Captioned web image data
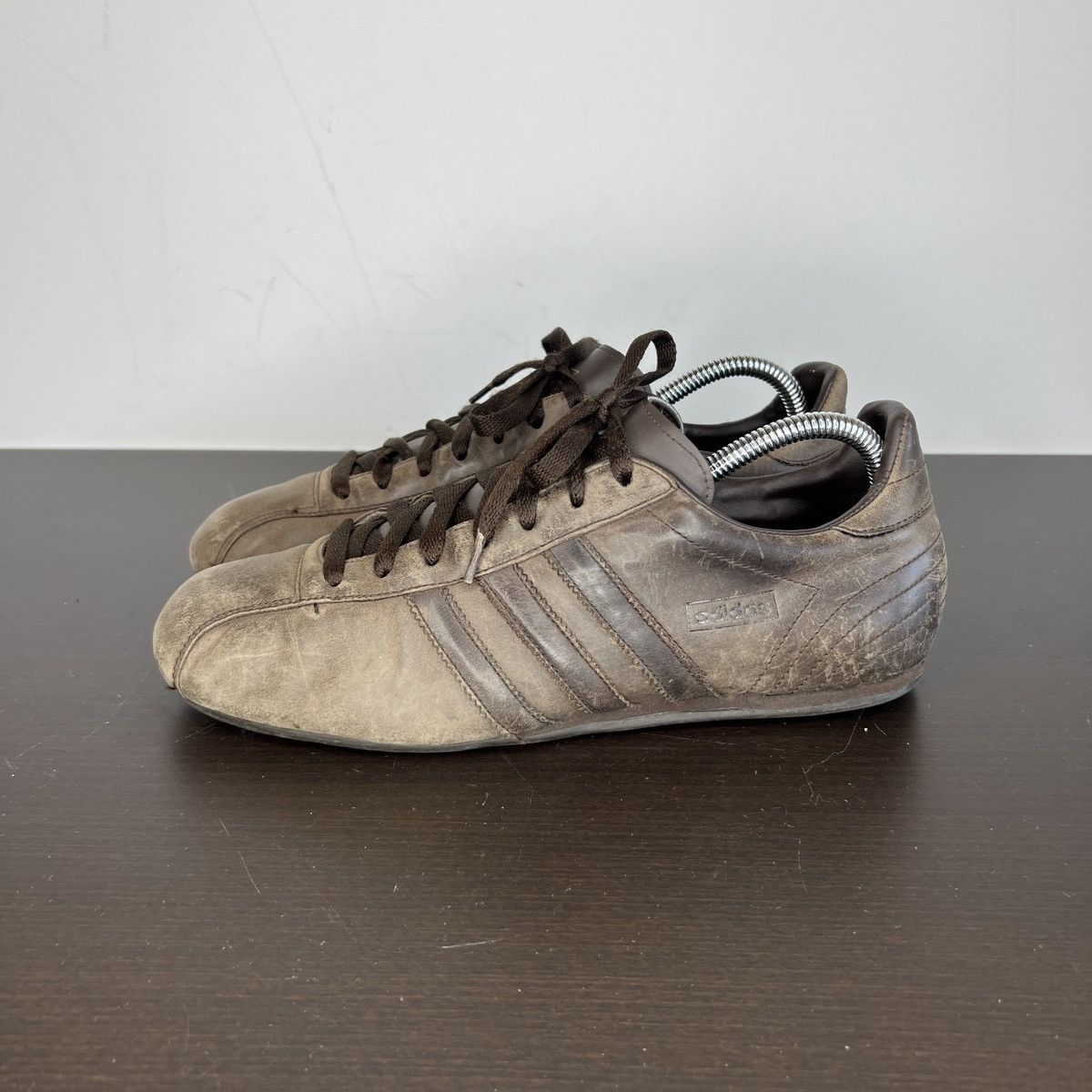 Adidas Rare Vintage Adidas Brown Leather Low Sneakers Size US 9 / EU 42 - 1 Thumbnail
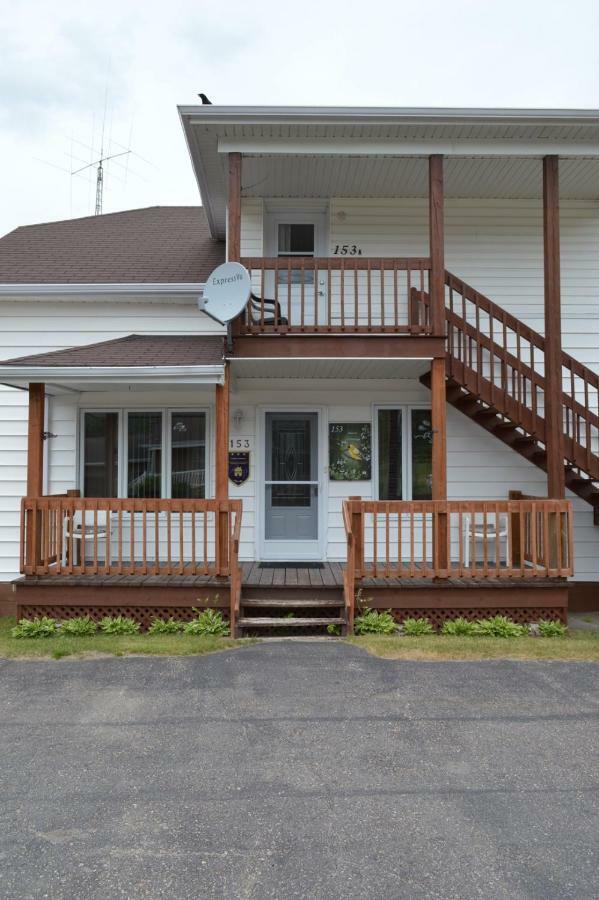 Maison l'héritage LʼAnse-Saint-Jean Exterior foto
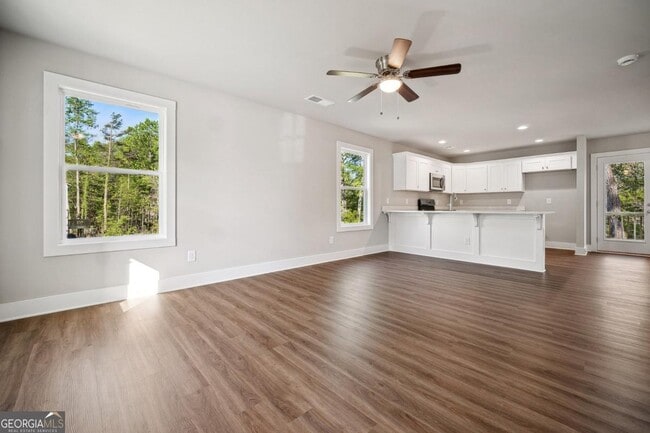 Photo - 6325 Crystal Cove Trail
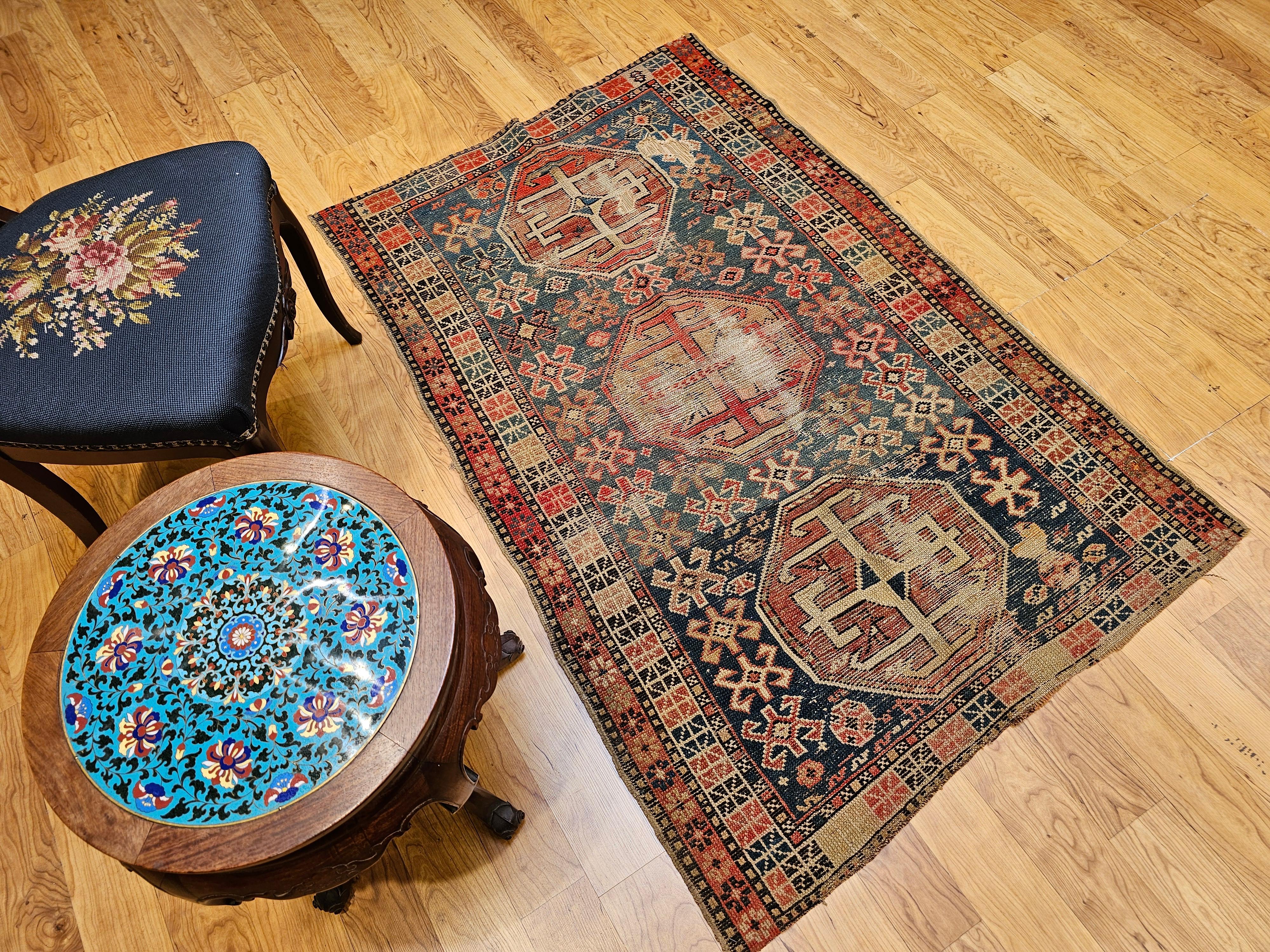 Tapis Shirvan caucasien du 19ème siècle à motif géométrique en bleu, rouge, ivoire en vente 11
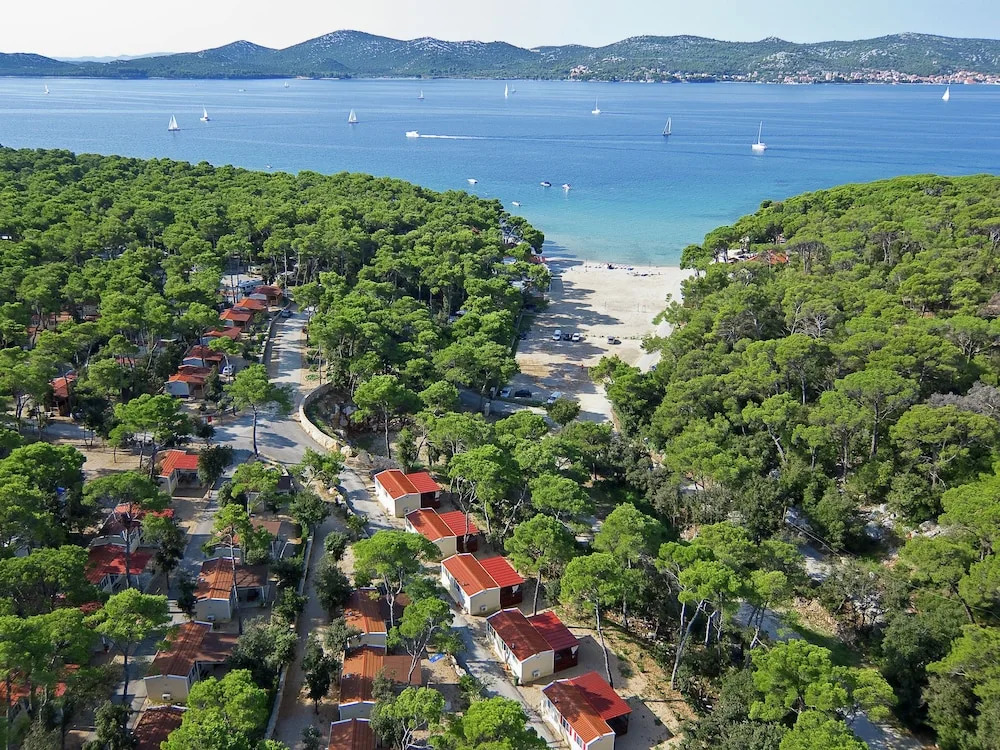 Comfortable Chalet With 2 Bathrooms Near Zadar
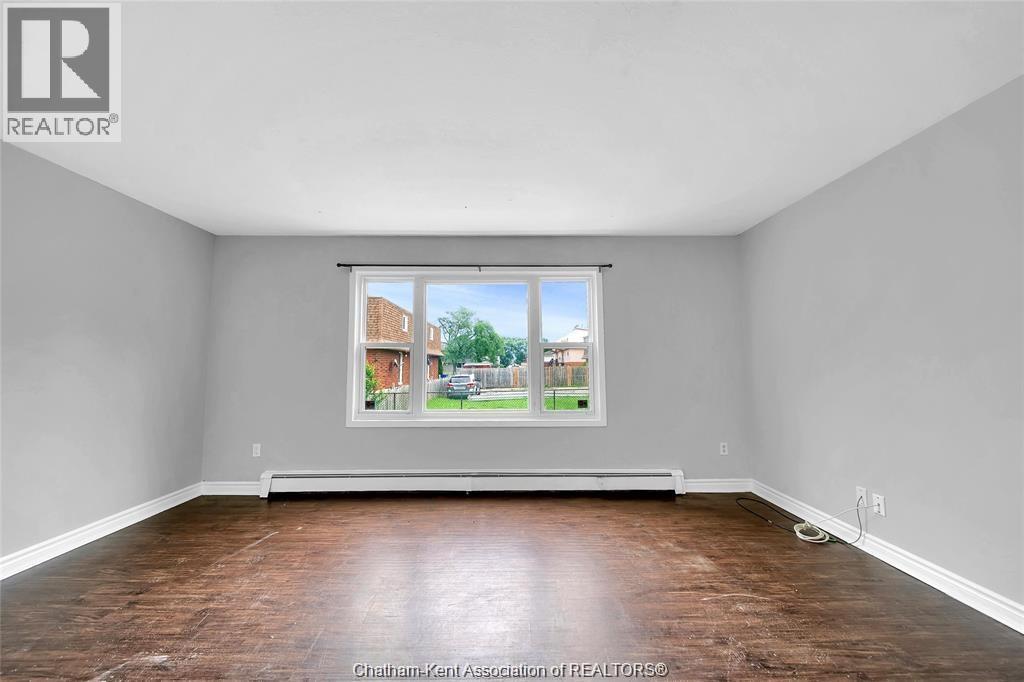 40 Beechwood Crescent #1, Chatham — photograph 3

▸ What the task asks
With the images omitted, repeat all the data word for word.

▸ Your response
 Adidas Rare Vintage Adidas Brown Leather Low Sneakers Size US 9 / EU 42 - 1 Thumbnail
 Maison l'héritage LʼAnse-Saint-Jean Exterior foto
 Photo - 6325 Crystal Cove Trail
 Tapis Shirvan caucasien du 19ème siècle à motif géométrique en bleu, rouge, ivoire en vente 11
 Comfortable Chalet With 2 Bathrooms Near Zadar
 40 Beechwood Crescent #1, Chatham — photograph 3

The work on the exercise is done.